Дор га Ма ия, как же я был сча ив, когда уви твоего сы узнал, что вы жи и и девочки вместе хотя бы после смер ни дня в мо горест жизни, чтобы я не увствовал свою п д вами ви у.
Старик лежал молча, прикусив свой поганый язык. Буквы выступили снова, точно их смазали химпроявителем. Но слабым. Поэтому проявилось не всё.
«Ишь, каяться надумал…» Он подтащил кресло вплотную к письменному столу.
Предатели пишут химическими карандашами. Если карандаш химический, на древесине остаются разводы.
Разводы, кажется, были. Но едва заметные. Словно старик, каясь перед советскими компетентными органами, не слюнявил карандаш, а лизал самый кончик грифеля сухим от страха языком.
«Ну, и как мне это проверить? Лизнуть и выплюнуть?..» – но брезговал после старика, будто карандаши предателей напитаны еще не известным науке ядом. И тут сообразил.
Стараясь двигаться бесшумно, слава богу, в кабинете пол не меняли, подкрался к лежащему навзничь телу. Нижняя челюсть отпала. Радуясь тому, что сестра не успела подвязать, он заглянул в приоткрытый рот: темная щель, впавшая, однако слишком узкая, чтобы удостовериться окончательно.
Старик смотрел на него одним глазом.
Мертвый глаз белел, будто подмигивал: мало ли что я наболтал твоему Гансу. Чтобы передать дело в трибунал, нужны доказательства. Вот ты их и найди.
Ему понравился такой, официальный поворот: похоже, мертвец одумался, оставил все эти личные глупости. «Какой я ему родственник! Даже не пасынок. Здесь, на оккупированной территории, я – единственный полномочный представитель советского правосудия».
– И искать нечего, – он ответил строго, как и подобает при исполнении гособязанностей. Тем более преступник и не думал оправдываться, во всем сознался, причем не устно, а в письменном виде, что делает излишними все дальнейшие следственные действия.
«И что теперь, закрывать дело? – однако на темном небосводе мозга занимался какой-то тревожный отсвет: – Рано, рано».
передать с пусть оста тся у тебя на память.
В пробел между словами, плотно, как в эбонитовый смертник, ложилось имя: А-л-е-к-с-е-е-м.

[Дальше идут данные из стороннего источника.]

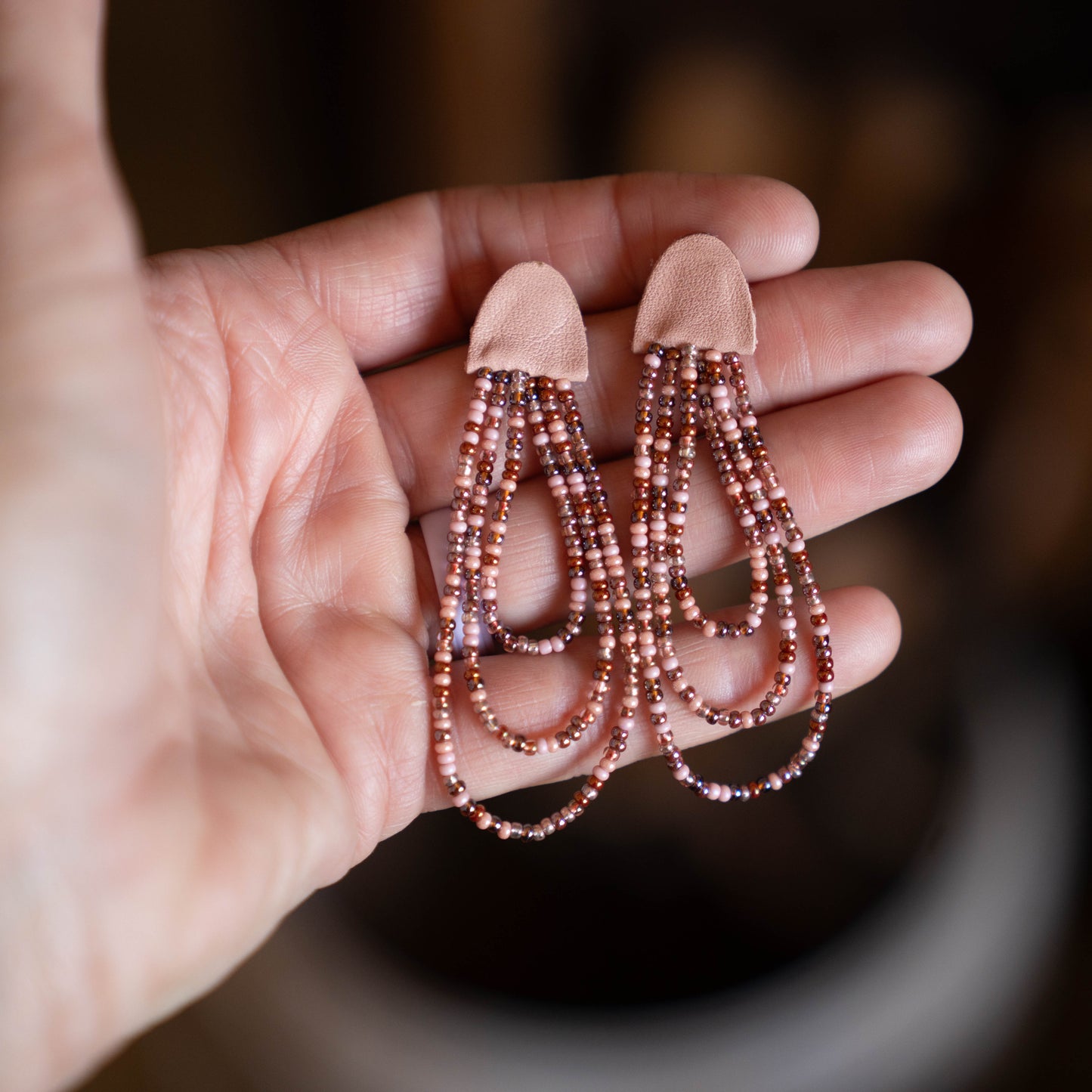 Dusty Rose Three Strand Earrings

У него не осталось никаких сомнений. Старик задумал его подставить, всучив это письмо: «Чтобы фашисты меня схватили на границе, как того парня, – перед глазами качнулось и поплыло: приземистое здание, похожее на вокзал, таможенник с эсэсовской эмблемой, вражеские солдаты в черных тулупах. Но где-то в конце тоннеля уже маячил свет, в котором черные тулупы становятся белыми. – Положим, даже схватили… И что? Теперь не прежние времена. Наши с захребетниками сотрудничают. Меня обменяют. На их шпиона…»

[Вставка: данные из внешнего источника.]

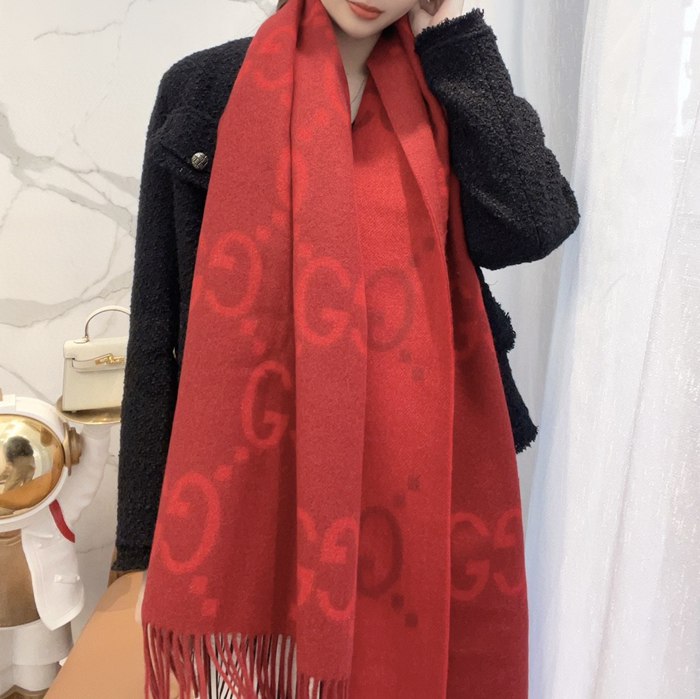 グッチ 新作 大G両面カシミヤスカーフ 45x200cm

Совсем было успокоился. Но тревожный отсвет высветил другое слово: останется. «Ляжет мертвым грузом в наши архивы. Документы – не солдаты. Бывает, что и оживают. Если со мной решат расправиться… Да кто решит?! – он воскликнул про себя, словно опомнился: – Что бы ни случилось, шеф меня защитит. Мы – члены великого Ордена», – однако страх не исчезал. Наоборот.